Online marketplaces provide a major platform for wildlife trade. Social media giant Meta recently shut down nine Indonesian Facebook groups — consisting of thousands of members — which were involved in the trade of endangered wildlife, including gibbons.
However, with criminals always staying one step ahead of the law, some traffickers have moved to more discreet modes of communication. Sharma cites the example of Google Pay being used by traffickers to talk to prospective buyers.
“A large part of the illegal wildlife trade is ultimately driven by human behavior,” says Cheyne. “It is, unfortunately, just another manifestation of the human desire for something different.”
Sourcing the Gibbons
Krishnasamy elaborates on the complexity of the trafficking process.
“It takes time, effort and connections to locate the gibbons in the forest, track them, capture them, transport them to middlemen — one or several — pack them and move them across international borders,” she says. “Not just at the point of exit from Malaysia or Thailand, but also identifying the people carrying and receiving them at the other end, and how to ensure safe passage,” she adds. “All this points to organized criminality.”
Female gibbons reproduce slowly and have a single baby once every two or three years. In most cases, mothers are killed to obtain infants. “If the group is without an adult female, it may allow an opportunity for a new adult female to come in or the group may break down,” says Cheyne.
Indiscriminate shooting could also result in the death of other individuals in the group. Rescued gibbon babies have often been found with pellets lodged in them.
“Ultimately there’s a knock-on consequence for gibbons in the wild,” adds Cheyne.
With a high death rate during the smuggling process, traffickers capture multiple gibbon babies from the wild for the transaction to remain profitable.
“They calculate that 90% of the gibbon babies will die,” says Sinan Serhadli, who is affiliated with two gibbon conservation projects in Asia. Even with this high mortality rate, the trade remains profitable for the traffickers, he adds.
Modes of Trafficking
In addition to trafficking by air, smuggling across international borders also happens by land and sea, which is harder to monitor.
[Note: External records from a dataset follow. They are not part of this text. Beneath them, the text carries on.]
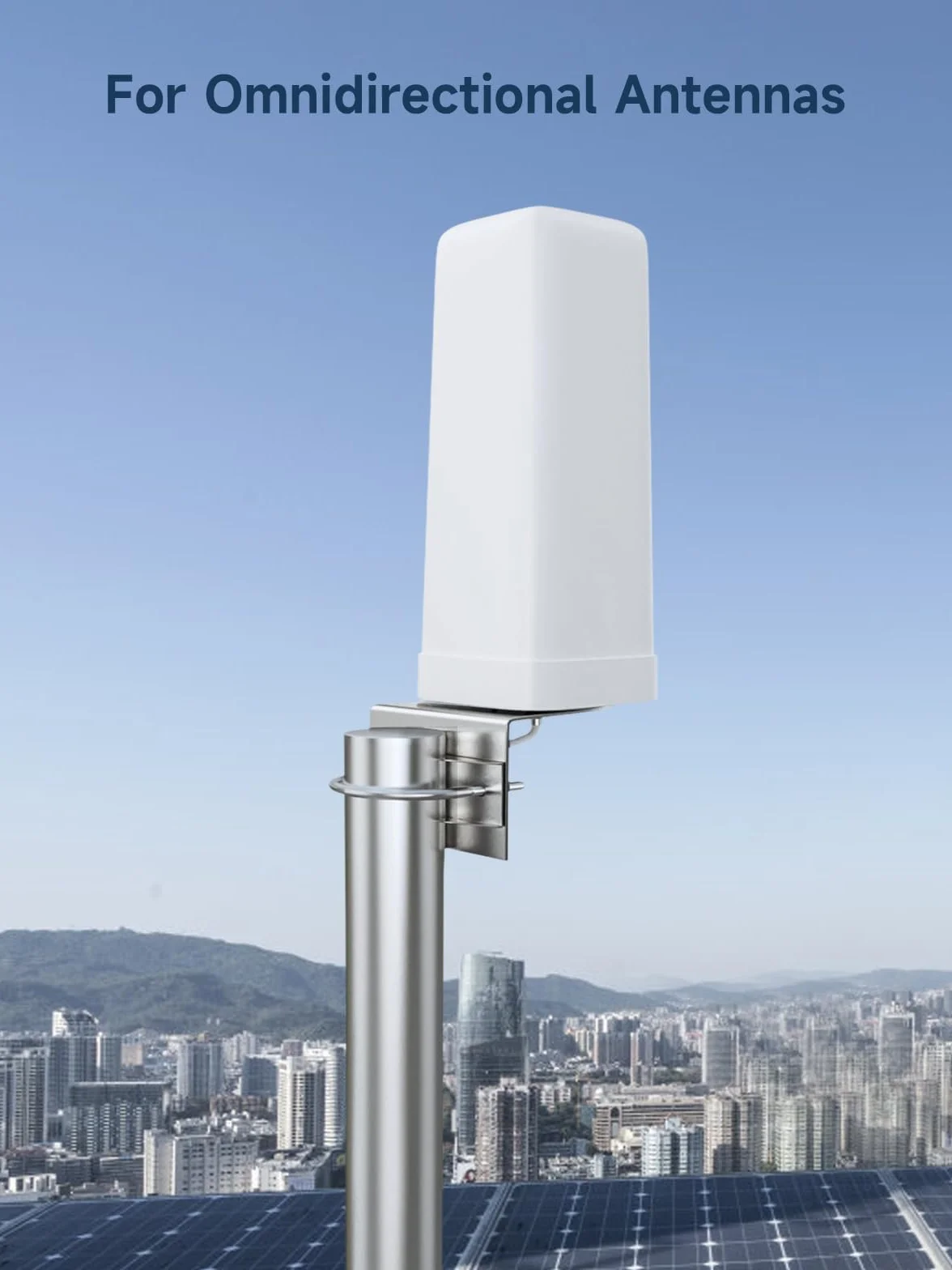 ANNTLENT Maszt antenowy uchwyt typu L do anteny zewnętrznej, uniwersalny, długość 30 cm, zewnętrzny maszt na wzmacniacz sygnału telefonu komórkowego, antena/antenę satelitarną uchwyt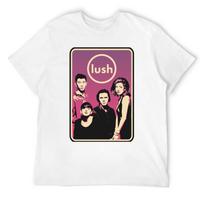 Lush Band T-Shirt plus size clothes shirts graphic tees animal prinfor boys clothes mens graphic t-shirts hip hop S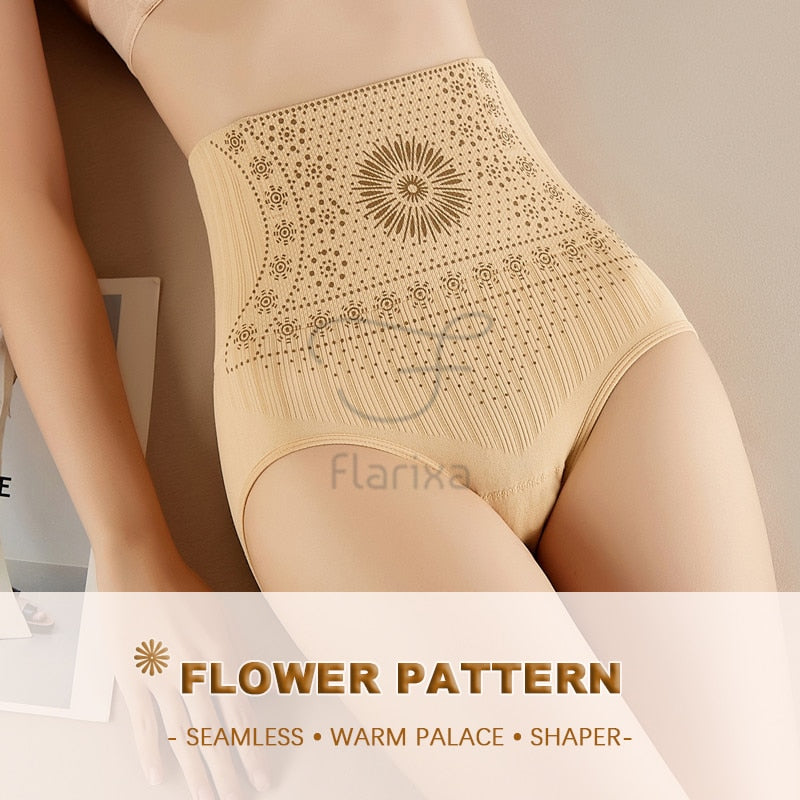Seamless Women Panties High Waist Flat Belly Panties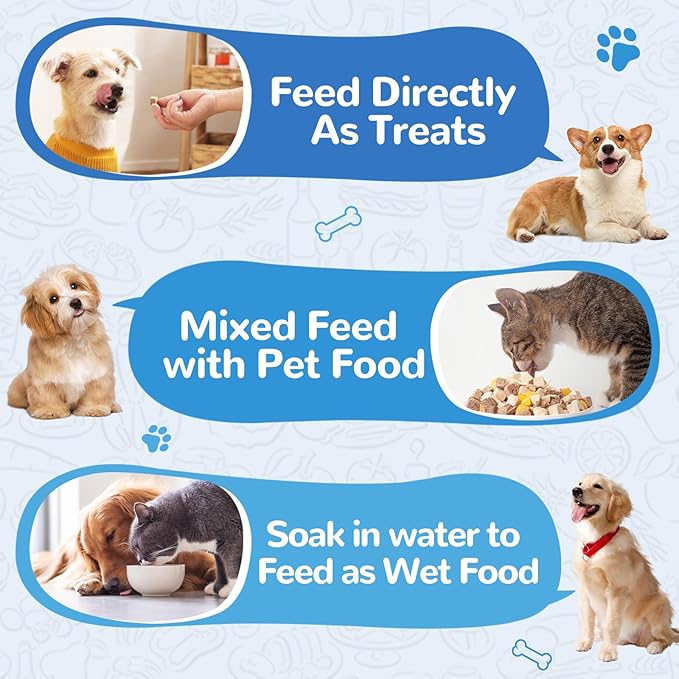 Freeze Dried Minnows Cat Treats – 100% Natural, Single-Ingredient Pet Snacks – Rich in Omega-3, Grain-Free – Healthy Training Rewards & Meal Toppers for Dogs & Cats, 2.8 oz-PawvioPets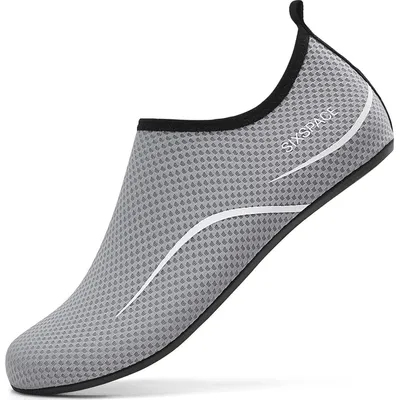 Produktbild von Badeschuhe Wasserschuhe Aquaschuhe Schnell Trocknend Slip-on Atmungsaktiv Grau 47 EU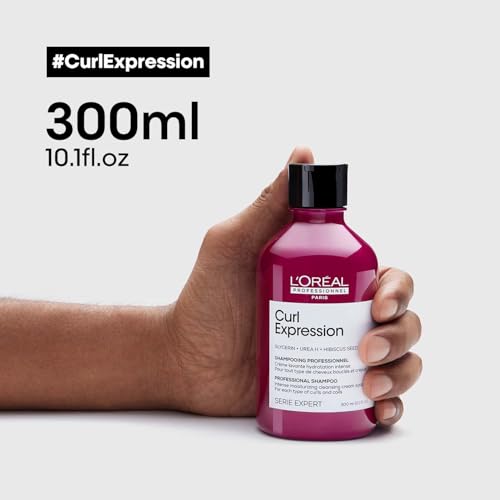 L'Oréal Professionnel, Shampoo Creme de Limpeza Intensamente Hidratante, Sem Sulfato, Para Todos os Tipos de Cachos e Ondas, Curl Expression, SÉRIE EXPERT, 300 ml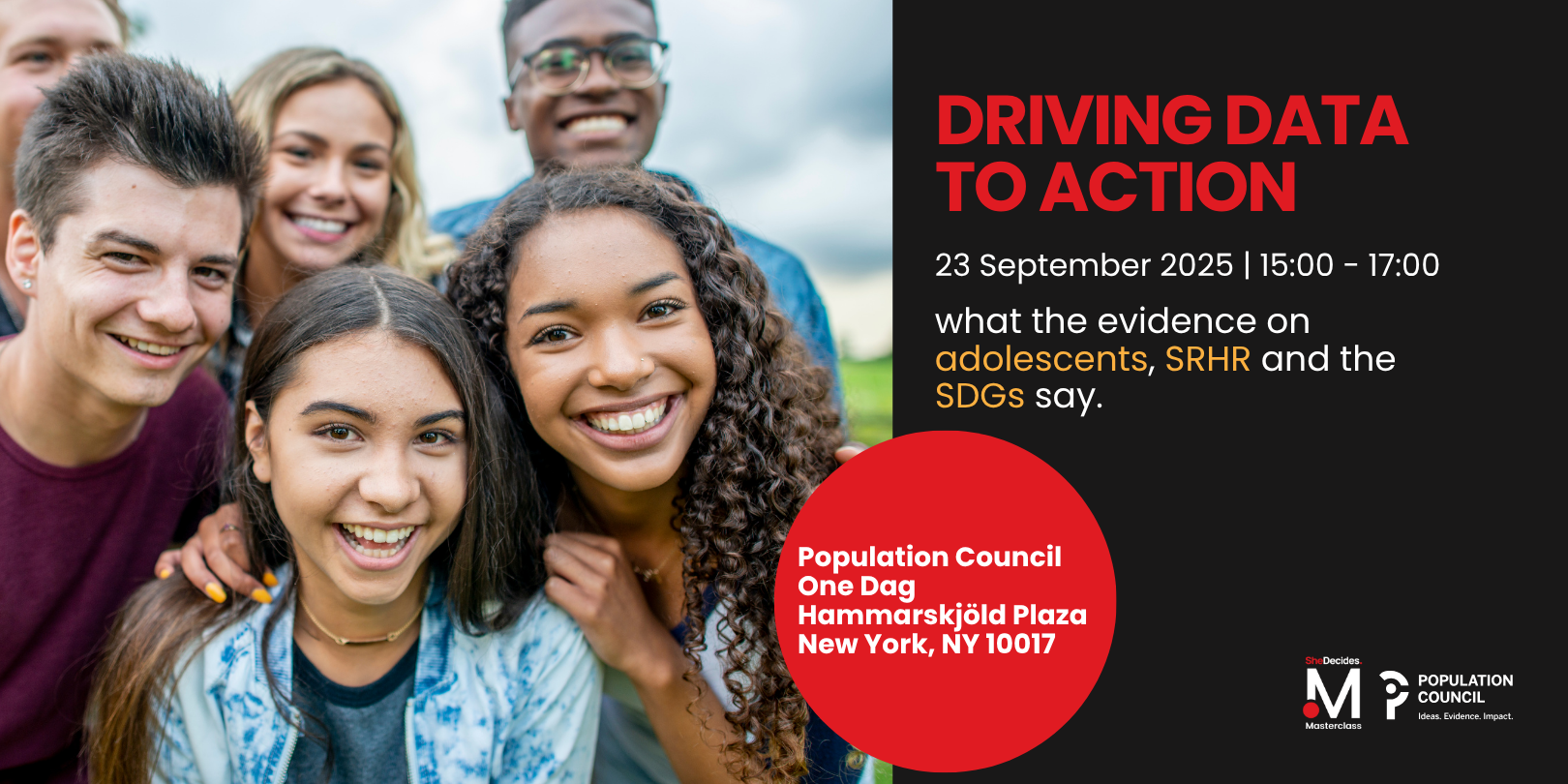 Diverse group of smiling youth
“We’ve seen many cases of wildlife smuggling through land borders,” says Krishnasamy, who points to the Mekong region (which includes Thailand, Laos, Myanmar, Vietnam and Cambodia) and the Malay Peninsula (which includes southern Thailand and peninsular Malaysia).
The borders between India, Myanmar, and Bangladesh are also porous. Serhadli says about five western hoolock gibbons (Hoolock hoolock) are currently being rehabilitated at a facility in Bangladesh. They were confiscated from commuter buses and appeared to be heading to India.
The Strait of Malacca, a narrow stretch of water separating the island of Sumatra and Peninsular Malaysia, is emerging as another hotspot for wildlife trade, with Medan, a city in northeast Sumatra, becoming a key transit hub.
“A lot of wildlife from Sumatra is being brought to Medan,” says Serhadli. “It then goes over the Strait of Malacca either to Thailand or to Malaysia, and then via plane to India.”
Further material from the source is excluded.